** PROBLEM DESCRIPTION **
Excerpt from the entries below: please repeat exactly the lines from the one containing "a man and his" through the last one, both ends included, with no pictures.
*** Opening DATA RECORDS ***
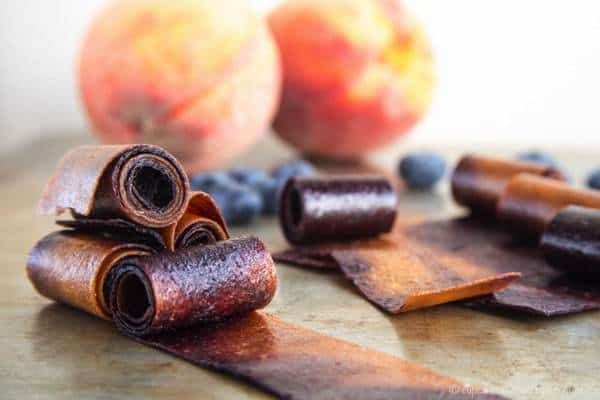Blueberry Peach Fruit Roll-Ups swirl together two favorite summer fruits into one sweet and healthy snack perfect to pack in a lunchbox. | cupcakesandkalechips.com | gluten free, vegan, paleo recipe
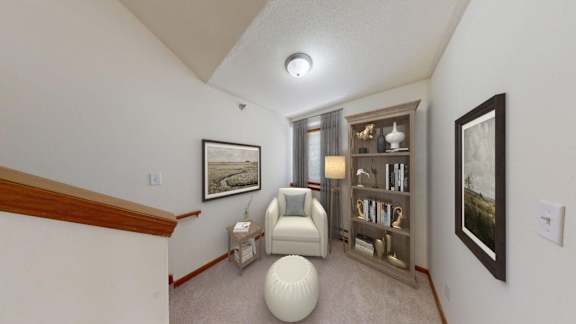A living room with a white chair and a bookshelf.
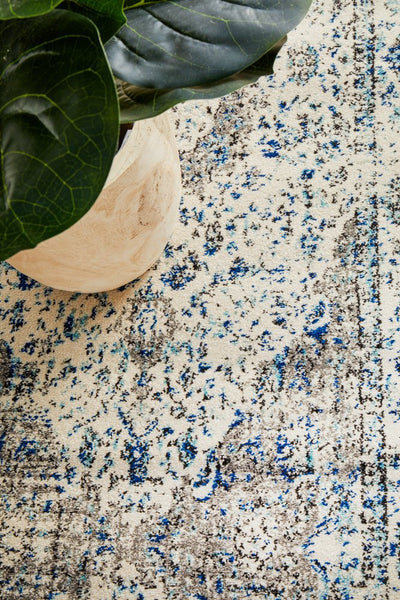 Close-up of the Evoke 21 White Rug showing detailed weave and soft polypropylene texture in white, blue, and grey tones.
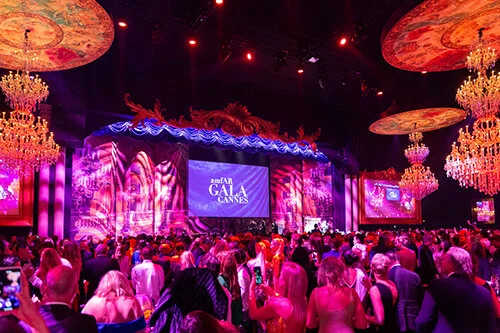 Vibrant gala event with chandeliers and crowd.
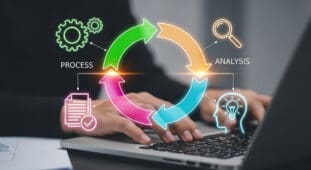 person-working-on-laptop-managing-a-business-process-How to Write the Operations Section of a Business Plan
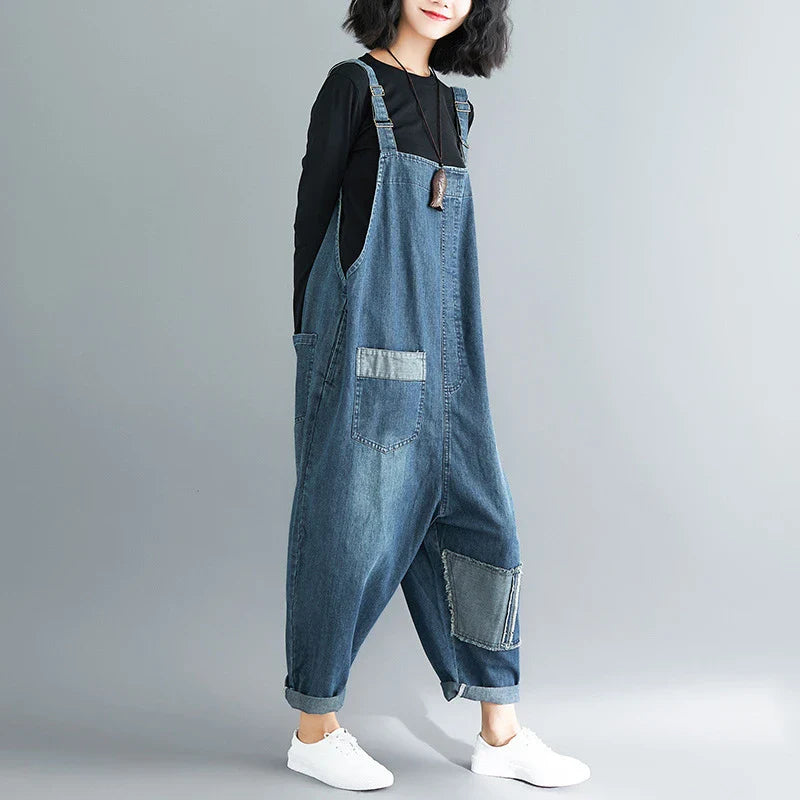 Casual literary women's plus size denim overalls with a high-waisted design and distressed accents for a stylish, comfortable look.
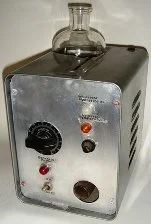 Ein altes elektronisches Gerät mit einem Glaskolben darauf, wahrscheinlich ein medizinisches Therapiegerät, mit mehreren Knöpfen und Schaltern auf der Vorderseite.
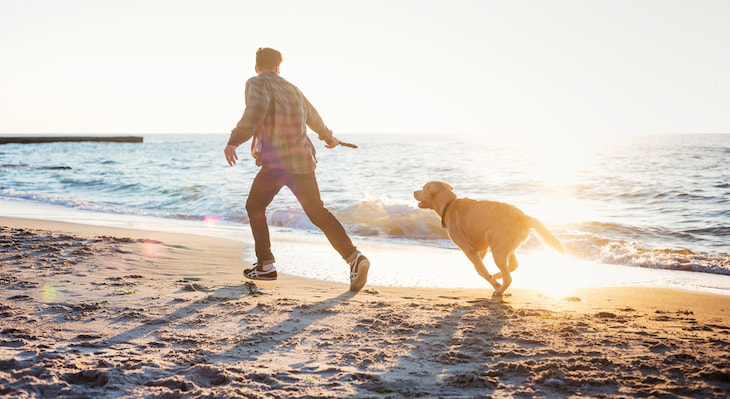 a man and his dog run in the surf at Fort Funston Beach in San Francisco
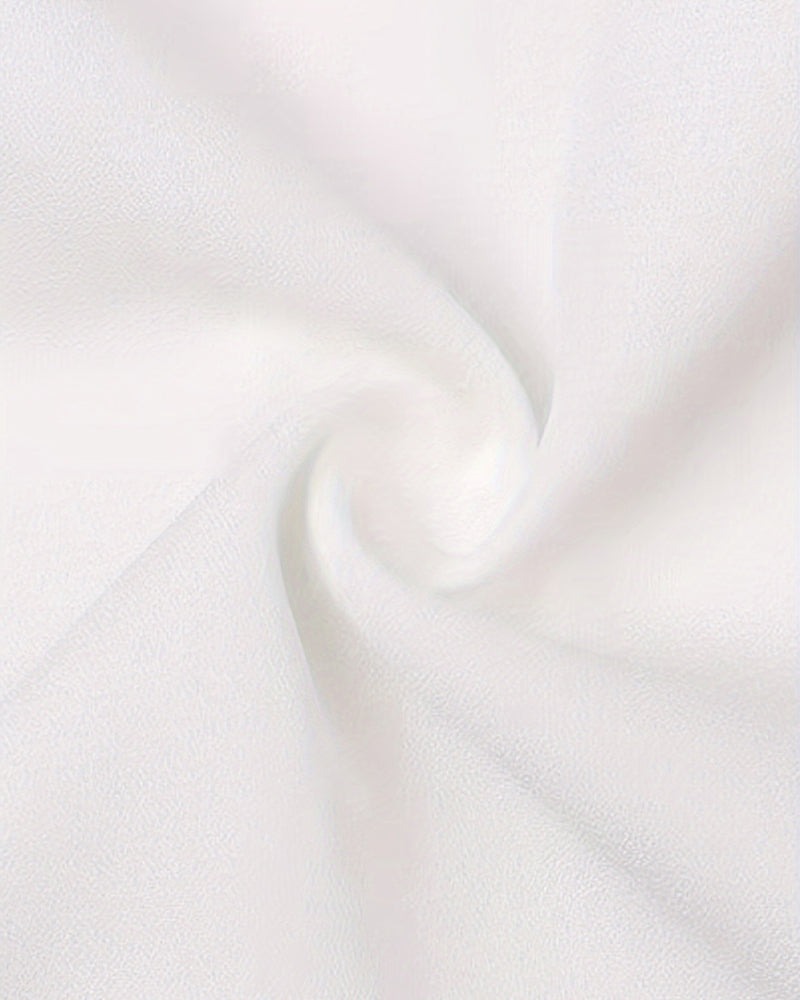 Blusa con spalle scoperte e trafori tinta unita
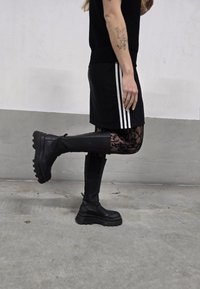 Sorte chunky støvler med en tyk sål, parret med en sort nederdel med hvide striber. Snørebåndsmønstrede leggings kan ses nedenunder.
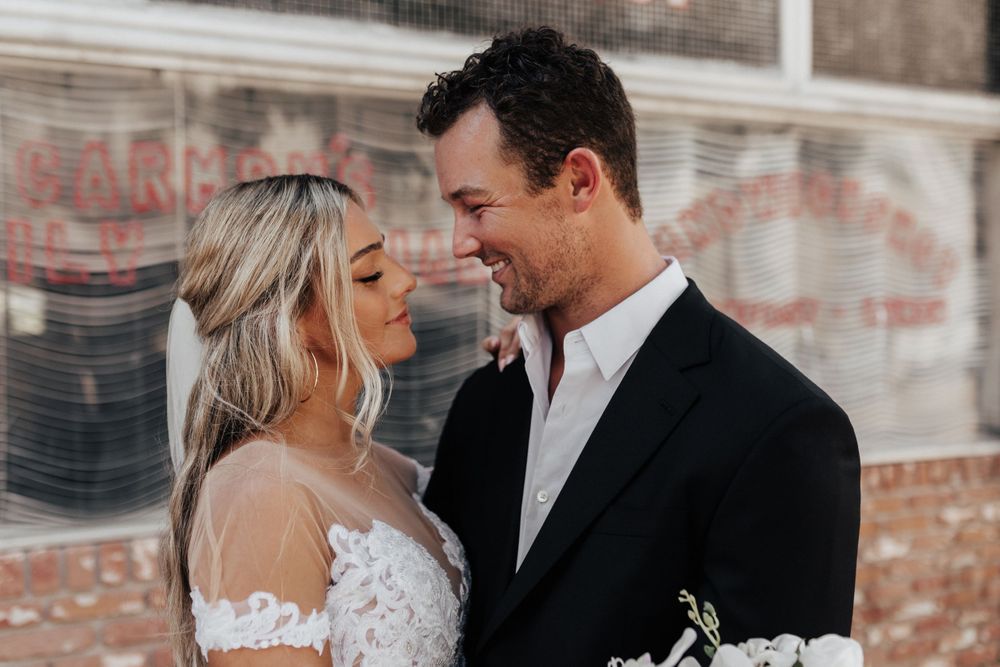 A romantic wedding portrait of a couple in formal attire sharing a tender moment together.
*** Closing DATA RECORDS ***
** SOLUTION FOR THIS EXERCISE **
 a man and his dog run in the surf at Fort Funston Beach in San Francisco
 Blusa con spalle scoperte e trafori tinta unita
 Sorte chunky støvler med en tyk sål, parret med en sort nederdel med hvide striber. Snørebåndsmønstrede leggings kan ses nedenunder.
 A romantic wedding portrait of a couple in formal attire sharing a tender moment together.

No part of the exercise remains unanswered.